**DATA RECORDS**
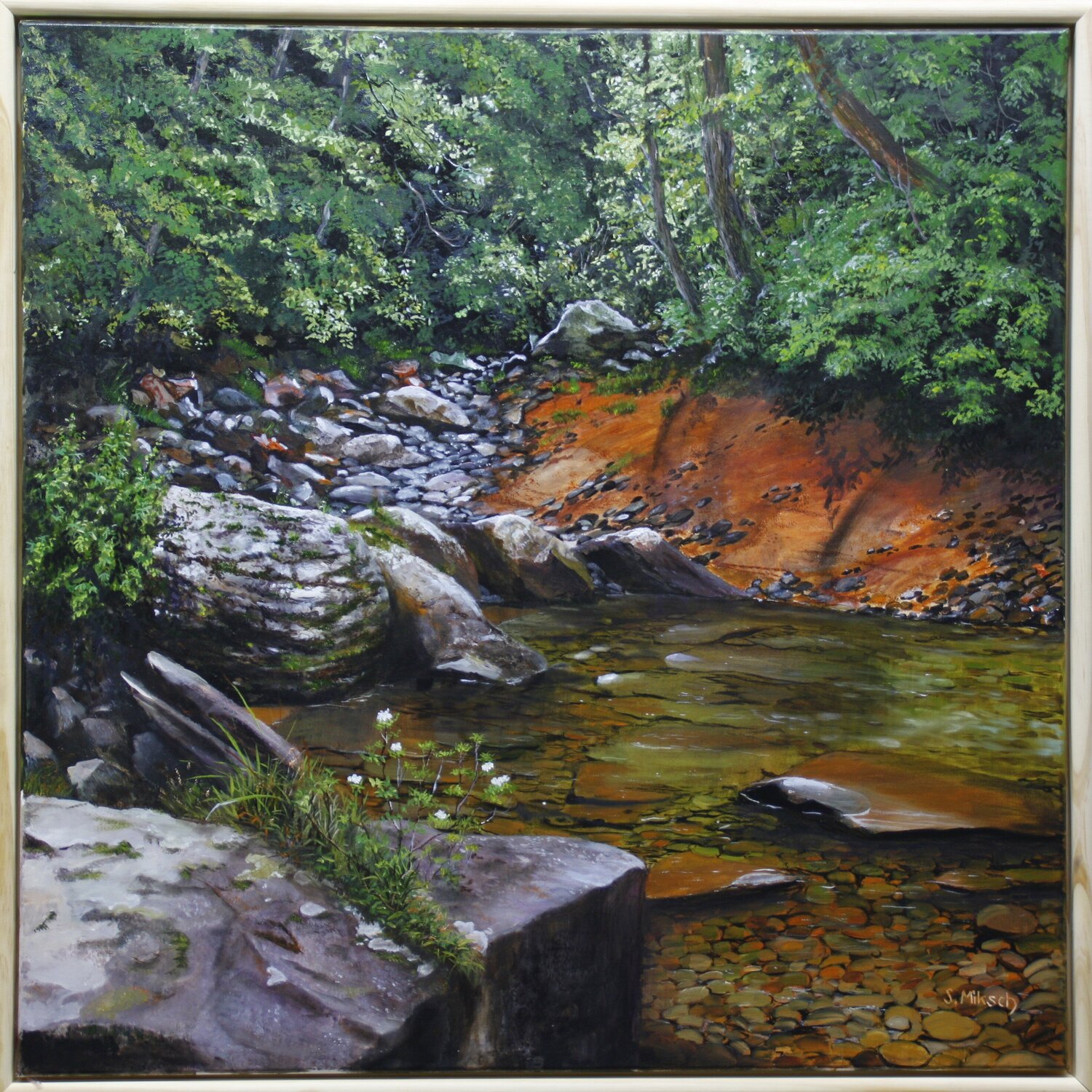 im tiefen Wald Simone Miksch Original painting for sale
--
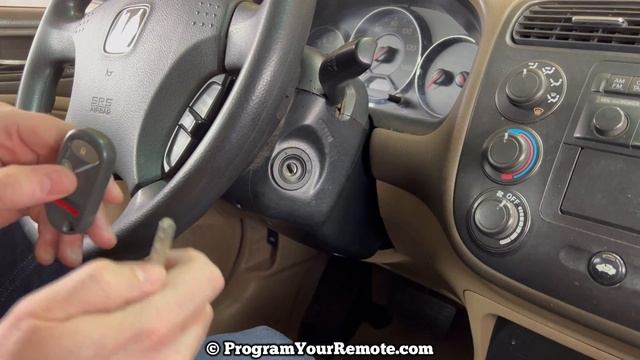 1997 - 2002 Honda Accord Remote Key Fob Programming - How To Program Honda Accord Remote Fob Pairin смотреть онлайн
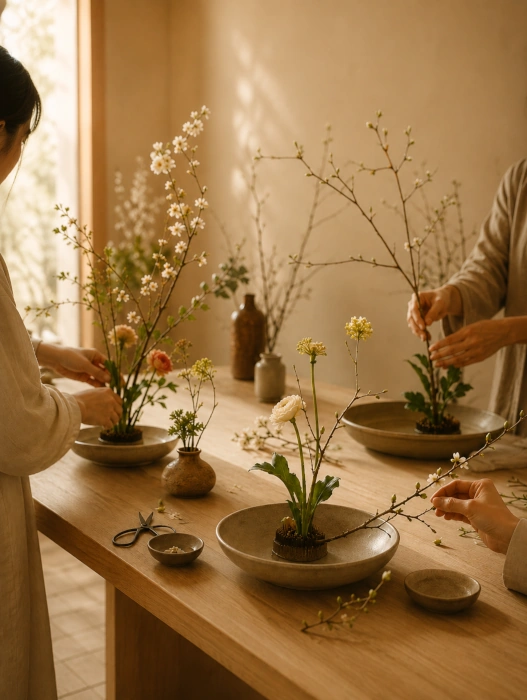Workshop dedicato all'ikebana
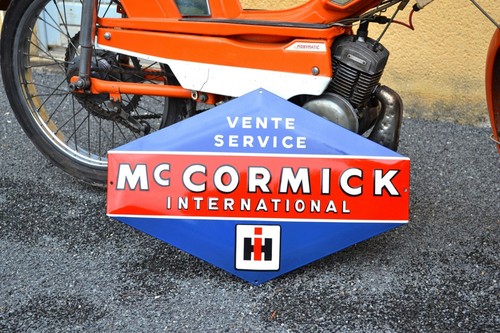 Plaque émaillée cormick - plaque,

**EXERCISE DETAILS**
From the records above, copy only the lines running from the line holding "1997 - 2002" through the line holding "Plaque émaillée cormick", with no pictures.

**RESPONSE TO THIS TASK**
 1997 - 2002 Honda Accord Remote Key Fob Programming - How To Program Honda Accord Remote Fob Pairin смотреть онлайн
Workshop dedicato all'ikebana
 Plaque émaillée cormick - plaque,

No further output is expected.